• **Work required**: No pictures go in the copy. Restate, word for word, each line from the one containing "BMW 330 330e xDrive" through the last line below.
┏━━
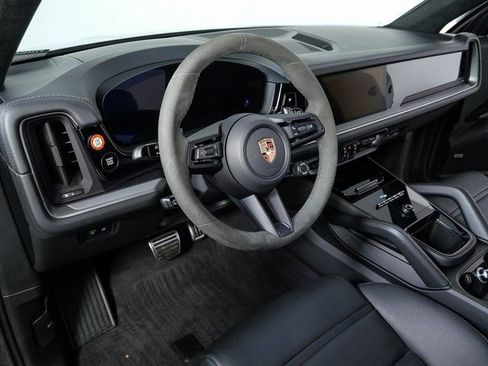 Certified 2025 Porsche Cayenne GTS image 4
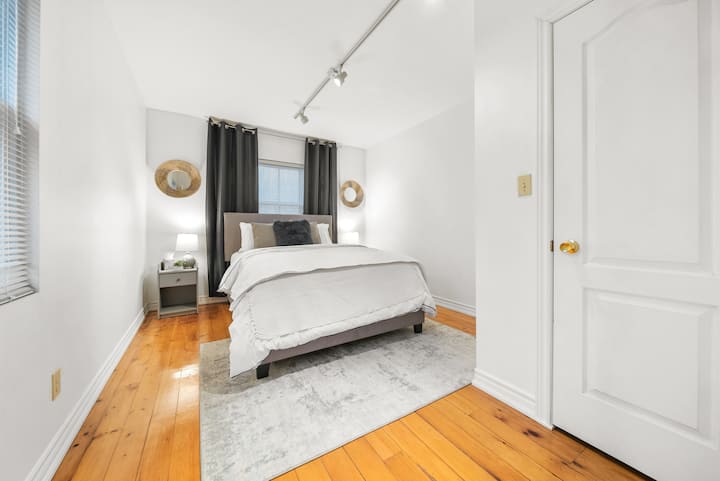 Potpuno novi bračni krevet i madraci.  Elegantno i prozračno.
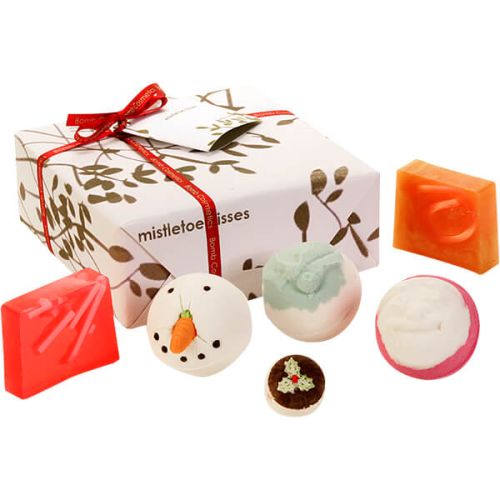 Bomb Cosmetics Mistletoe Kiss Gift Pack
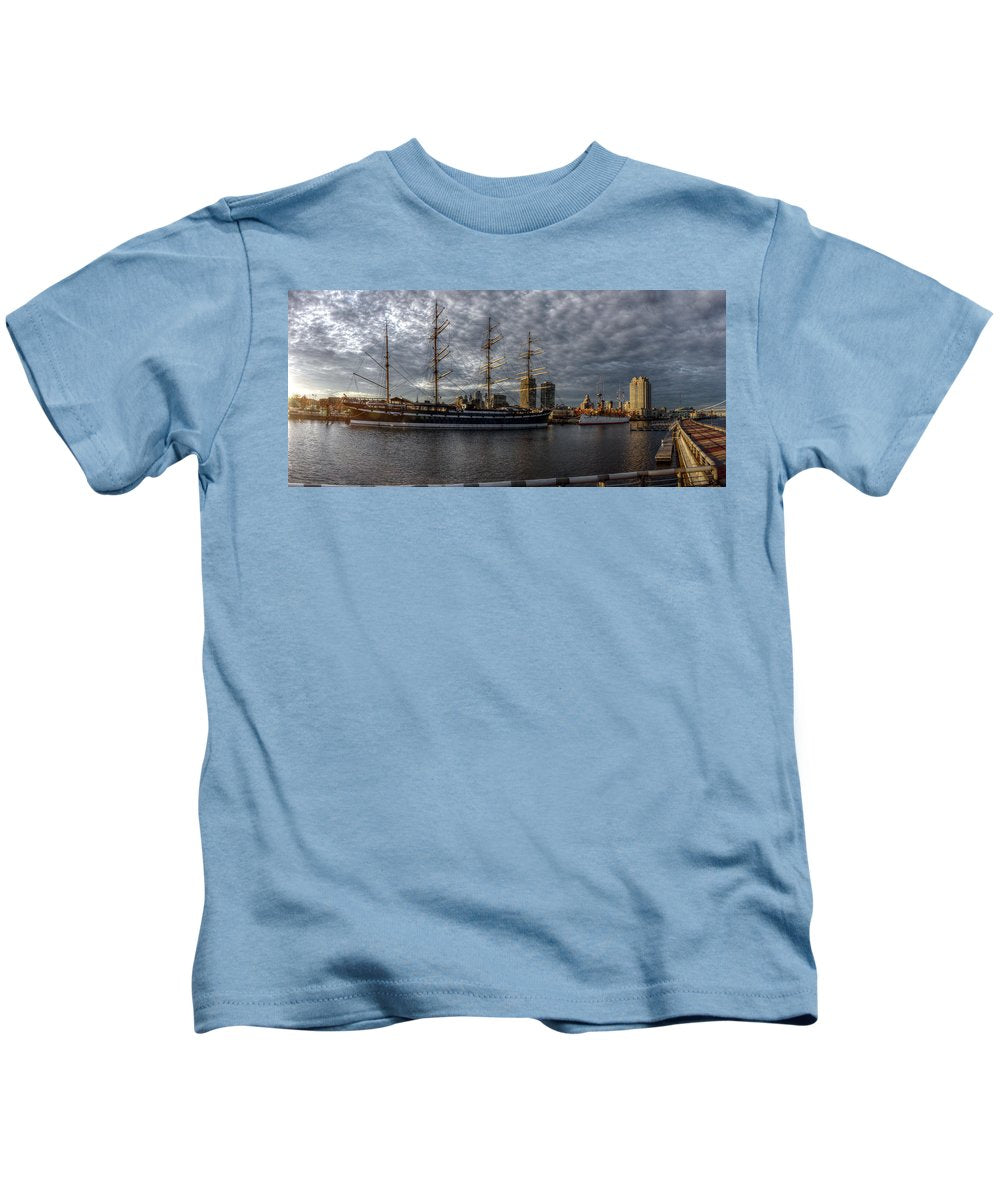 Panorama 2402 Moshulu and Olympia - Kids T-Shirt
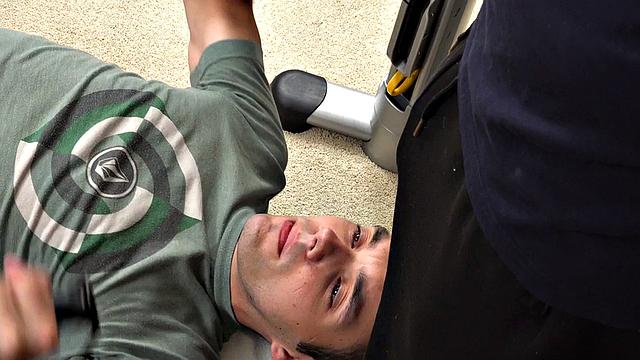 Petite twunk seduced by hunky stud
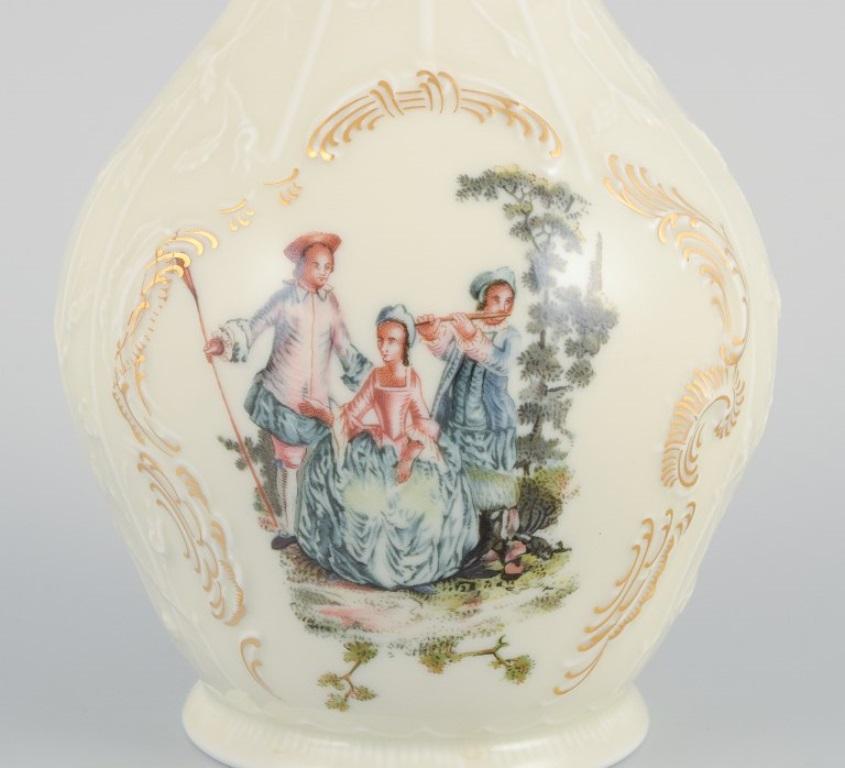 Néo-rococo Rosenthal, Allemagne. « Sanssouci », vase de couleur crème décoré de personnages. en vente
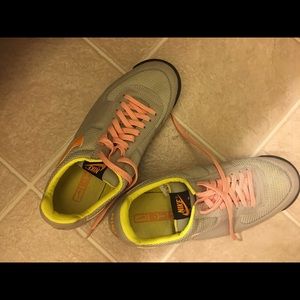 Mens Nike sneakers size 8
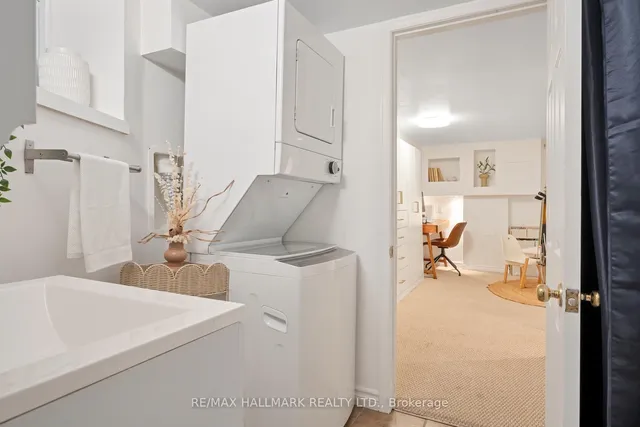 Additional image 36 of 131 Lamb Ave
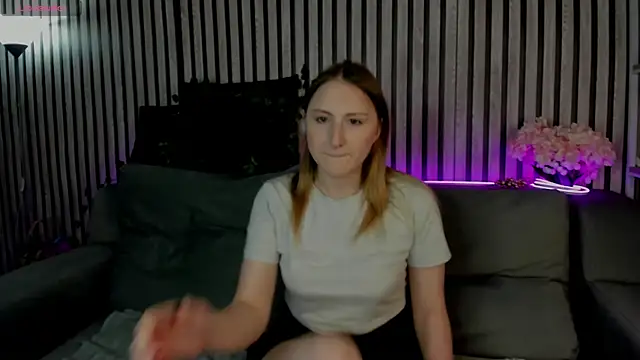 April Jackson online show from 04/15/26, 01:00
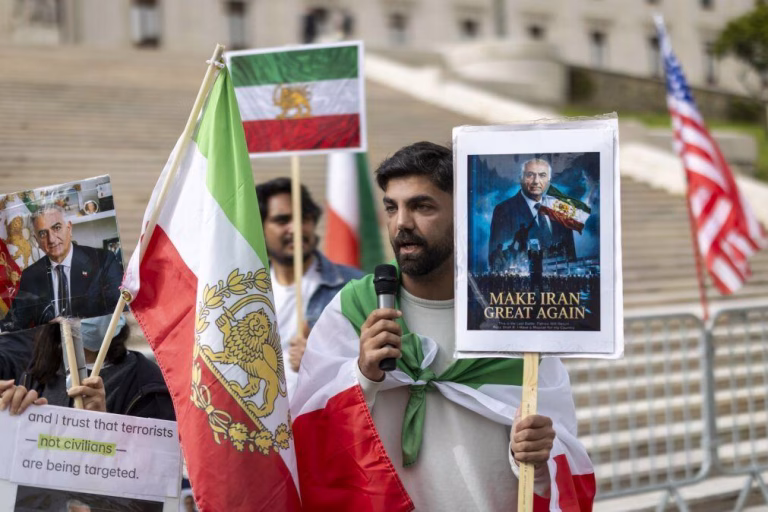 Refugiados junto ao parlamento para pedir expulsão de embaixador iraniano em Lisboa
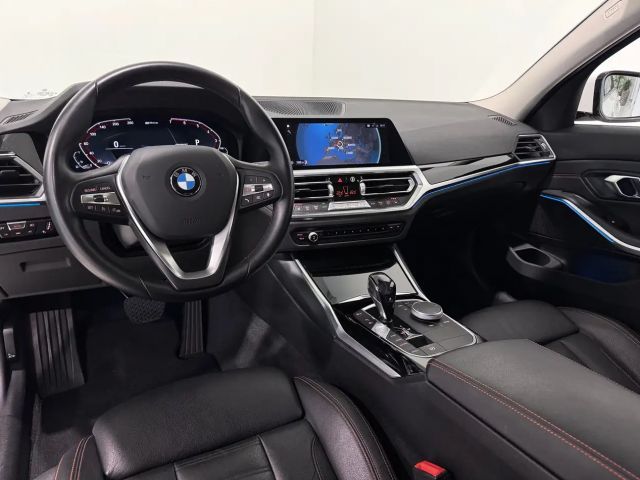 BMW 330 330e xDrive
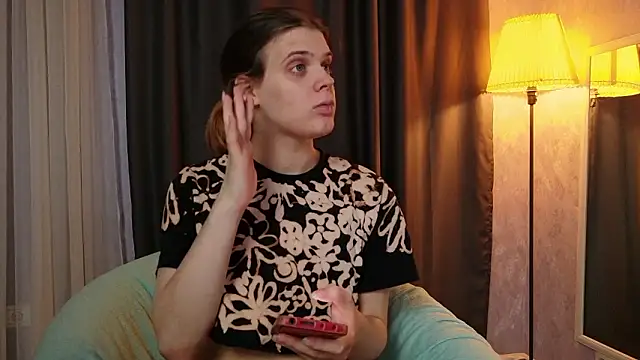 Snapshot of KIKI_Krash chatting on March 3, 10:55 am KIKI Krash online show from March 3, 10:55 am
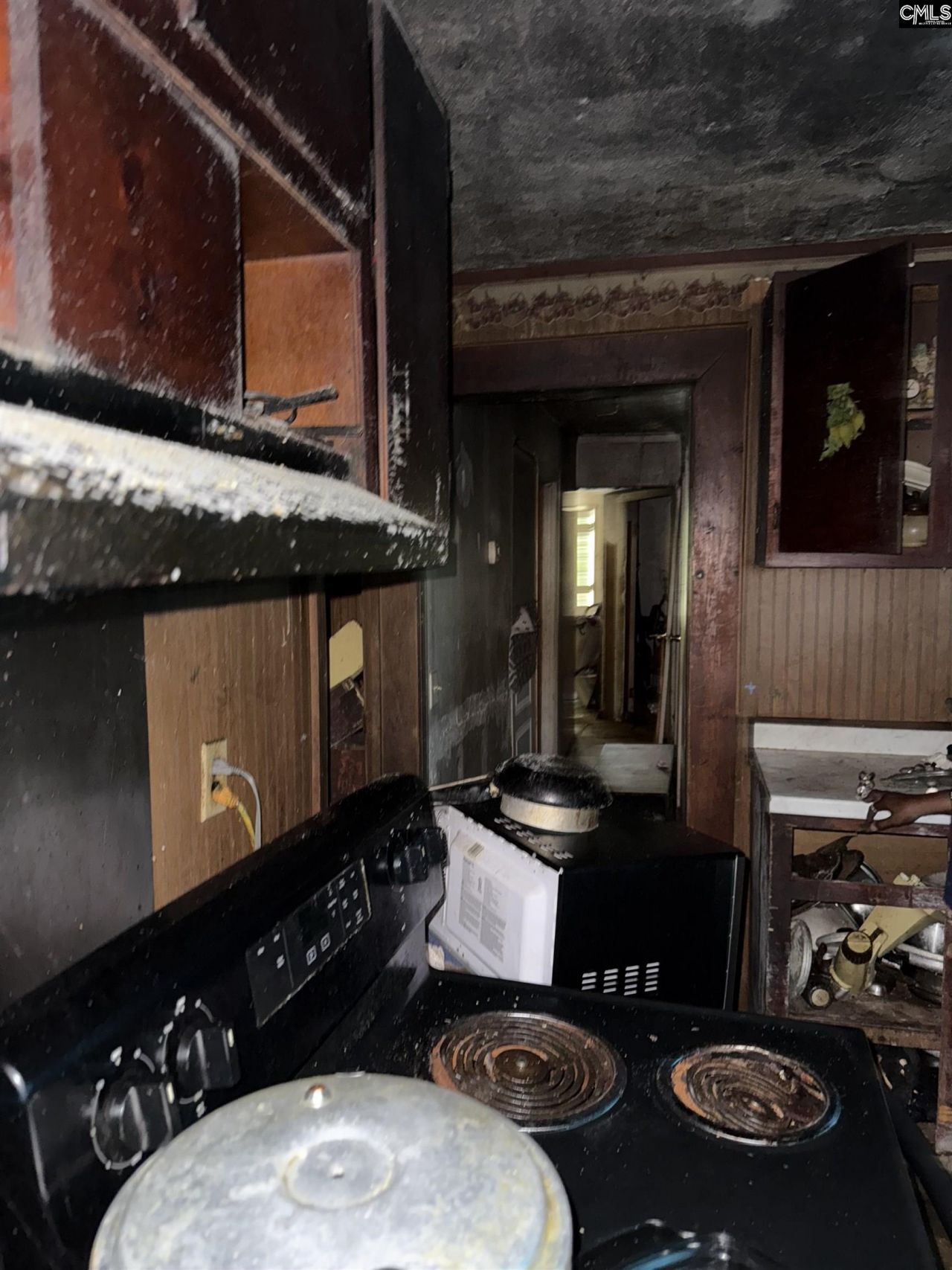 323 Railroad Avenue  Photo 28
┗━━
• **Expected answer**:
 BMW 330 330e xDrive
 Snapshot of KIKI_Krash chatting on March 3, 10:55 am KIKI Krash online show from March 3, 10:55 am
 323 Railroad Avenue  Photo 28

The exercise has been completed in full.